Le paisible village de Chiva, dans la province de Valence en Espagne, offre un spectacle de désolation quatre jours après les inondations dévastatrices qui ont endeuillé le sud-est du pays, faisant plus de 200 victimes selon des sources locales. Entre bâtiments effondrés, rues transformées en torrents de boue et une population en détresse, Chiva panse difficilement ses plaies.
Une colère légitime face à l’inaction des autorités
Pour Oscar Hernandez, 75 ans, l’heure est à la colère. Ce natif de Chiva ne décolère pas contre la passivité des autorités régionales face à l’ampleur du drame :
Ici, on est en train de crever. Je ne comprends pas qu’il n’y ait pas un moyen de tirer une balle dans la tête de l’administration.
Oscar Hernandez, habitant de Chiva
L’indignation de ce retraité est à la hauteur des dégâts subis. Sa propre maison est défigurée et des dizaines d’autres sont en ruine. Des cratères béants défigurent les rues et même l’église locale n’a pas été épargnée. Le comble de l’ironie ? Il affirme avoir reçu une alerte sur son portable… deux jours après les faits.
Des commerçants au bord du gouffre
Helena Danna Daniella, 39 ans, gérante d’un bar-restaurant local, tente tant bien que mal de remettre son commerce en état. Mais cette nuit d’enfer la hante encore :
Des gens, des voitures emportés… Ils vous demandaient de l’aide et vous ne pouviez rien faire, car sinon vous étiez emportés avec eux. C’est dans la tête, ça te rend fou.
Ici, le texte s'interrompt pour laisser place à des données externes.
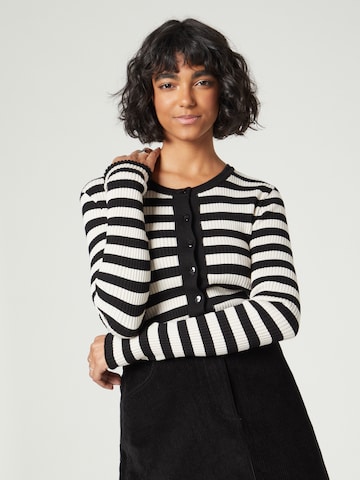 A LOT LESS Knit Cardigan 'Farina' in Black: front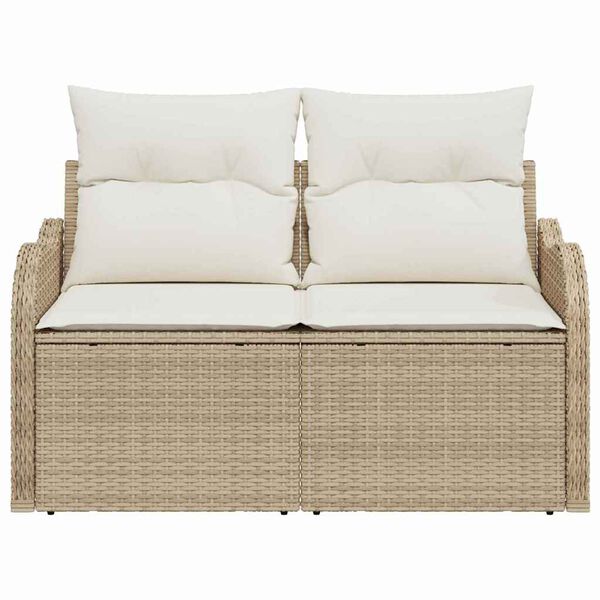vidaXL Gartensofa Beige 121 x 62 x 69cm Poly-Rattan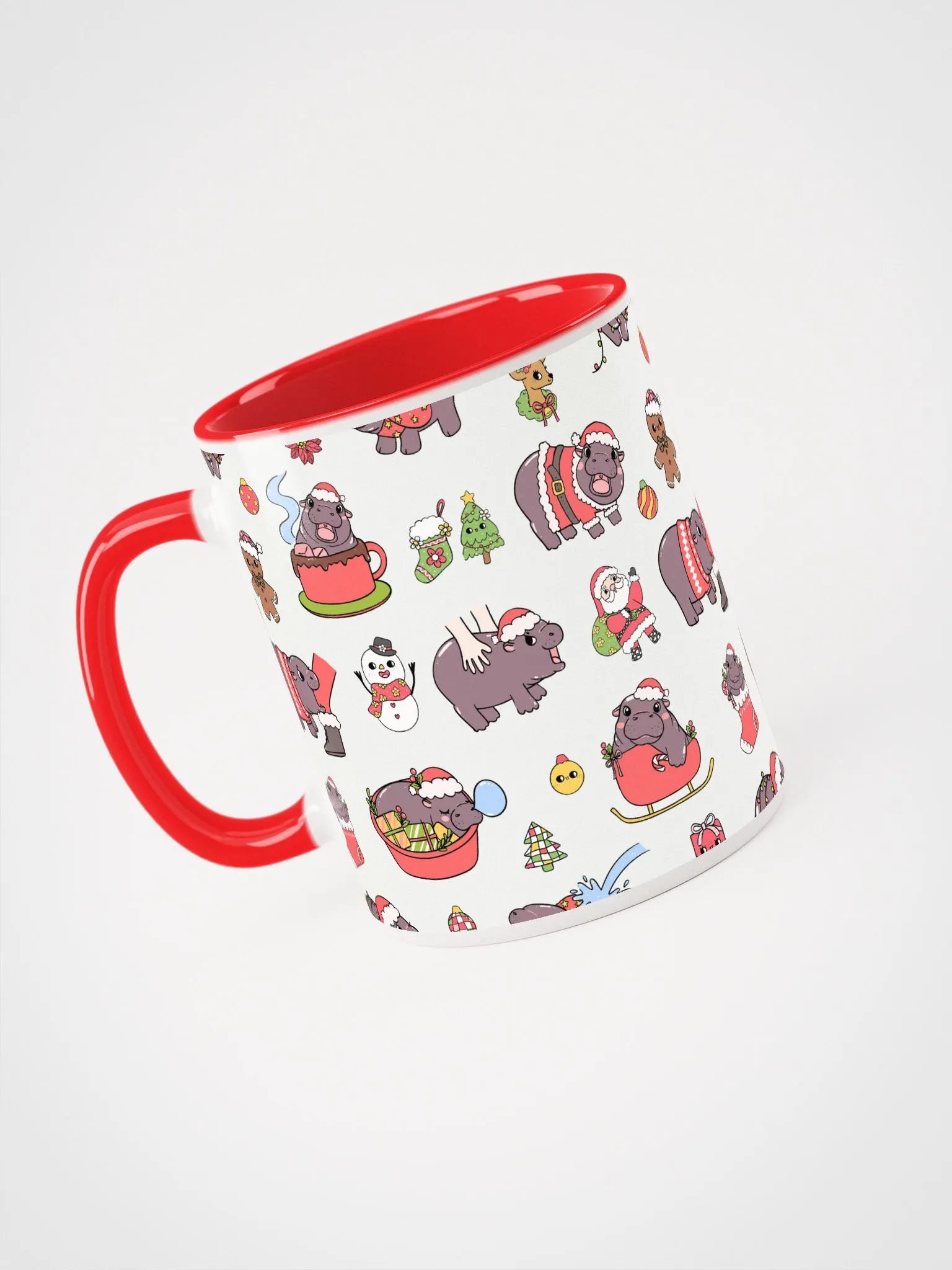 MOODENG'S CHRISTMAS CERAMIC MUG WITH COLOR INSIDE! product image (1)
Helena Danna Daniella, commerçante à Chiva
Après 7 ans d’activité, elle songe sérieusement à baisser définitivement le rideau si son établissement doit rester fermé, ce qui impliquerait le licenciement de ses employés.
L’angoisse de familles sinistrées
María José, mère de famille de 54 ans, contemple impuissante un groupe de jeunes bénévoles tentant de sauver les rares affaires épargnées par les flots dans sa maison ravagée. Bloquée 48h sans eau ni électricité, elle peine à réaliser l’étendue des dégâts.
Chaque jour on pleure davantage car on réalise le niveau des destructions.
María José, habitante de Chiva
Malgré l’intensité des pluies, elle déplore l’absence d’alerte préalable. Ce n’est qu’à 23h que les gendarmes l’ont prévenue du débordement de la rivière, trop tard pour évacuer sereinement.
La fatalité et la solidarité face au drame
Ramon, chauffeur poids-lourd, enrage contre le manque d’anticipation des pouvoirs publics. Selon lui, l’alerte aurait dû être déclenchée au moins 10h avant. Mais comme beaucoup ici, la colère laisse place à une forme de résignation face aux caprices de la nature.
Mario Silvestre, ancien cycliste de 84 ans, en a vu d’autres mais garde peu d’illusions. Entre des promesses d’aides qui tardent à se concrétiser et une reconstruction titanesque, il porte un regard fataliste sur la situation :
On parle de 300 millions d’euros… Des promesses qui, à la fin, sont oubliées. Je ne veux pas parler en mal de l’Espagne, mais c’est un fait.
Mario Silvestre, habitant de Chiva
Seule lueur d’espoir dans ce sombre tableau, l’arrivée spontanée de jeunes bénévoles venus de Valence prêter main forte aux sinistrés pour déblayer les gravats et tenter de sauver ce qui peut l’être encore.
Mais pour les 17000 habitants de Chiva, le chemin sera long avant de retrouver une vie normale. Entre colère légitime contre un manque de réactivité des autorités et un fatalisme né de la brutalité des éléments, la population tente de garder espoir malgré tout. L’heure est au deuil, au nettoyage des décombres et aux interrogations sur une reconstruction qui s’annonce longue et douloureuse. Les stigmates de ces inondations catastrophiques mettront du temps à s’effacer, dans les rues dévastées comme dans les mémoires meurtries des habitants de Chiva.